FIGS. 2A-E are time charts showing the voltages and signals at various parts of the circuit of FIG. 1, when the circuit is operating normally.

FIGS. 3A-E are time charts showing the voltages and signals at various parts of the circuit of FIG. 1, when the motor drive transistor is kept ON longer than usual due to a malfunction of the control circuit.

FIGS. 4A-E are time charts showing the voltages and signals at various parts of the circuit of FIG. 1, when the motor drive transistor is kept ON due to breakdown of the motor drive transistor.

DETAILED DESCRIPTION OF THE PREFERRED EMBODIMENTS

An embodiment of the invention will now be described with reference to FIG. 1.

In FIG. 1, the protective circuit PC of this embodiment is for protecting a motor 2 from over current. The motor 2 has coils 2a to 2d of the respective phases, each coil having one end respectively connected to the collector of a corresponding phase transistors 3a to 3d of the NPN type, the emitters of which are grounded, and the bases of which are connected to receive phase control signals Xa to Xd from a control circuit CC. The phase control signals Xa to Xd are turned ON in a predetermined sequence.

The other ends of the coils 2a to 2d are connected together at a node N1, and to the collector of a motor drive transistor 1 of the PNP type, the emitter of which is connected to an over-drive voltage terminal V1 of 38 V, for example.
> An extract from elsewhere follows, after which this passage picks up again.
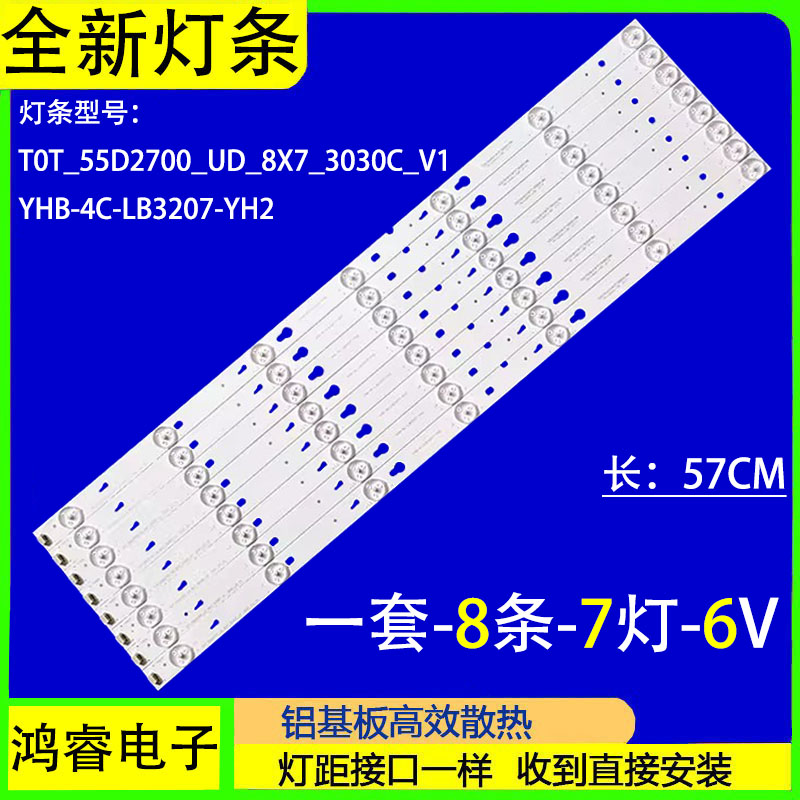 适用TCL B55A758U B55C2700 B55A658U B55A858U B55A558U电视灯条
The motor drive transistor 1 has its base connected to an input terminal MD to receive a motor drive signal, also denoted by MD, from the control circuit CC, and serves to control the period of time during which the overdrive voltage is applied. This period of time for which the overdrive voltage is applied is commenced when each of the phase control signal Xa to Xd begins to be turned ON and ends before the current through the coils becomes excessive, the current being increased gradually because of the inductance of the coil.

The protective circuit PC of this embodiment comprises a diode 4A having its anode connected to the node N1, a capacitor 9 having one electrode connected through a resistor 5 to the cathode of the diode 4A. The other electrode of the capacitor 9 is grounded. When the transistor 1 in ON, the capacitor 9 is charged through the resistor 5 with a time constant dependent on the resistance of the resistor 5 and the capacitance of the capacitor 9. Another resistor 6 is connected across the series connection of the resistor 5 and the capacitor 9, and a diode 4B is connected to bypass the resistor 5 for a discharging current from the capacitor 9 and through the resistor 6. The rate of discharge is therefore determined by the time constant dependent on the resistance of the resistor 6 and the capacitance of the capacitor 9.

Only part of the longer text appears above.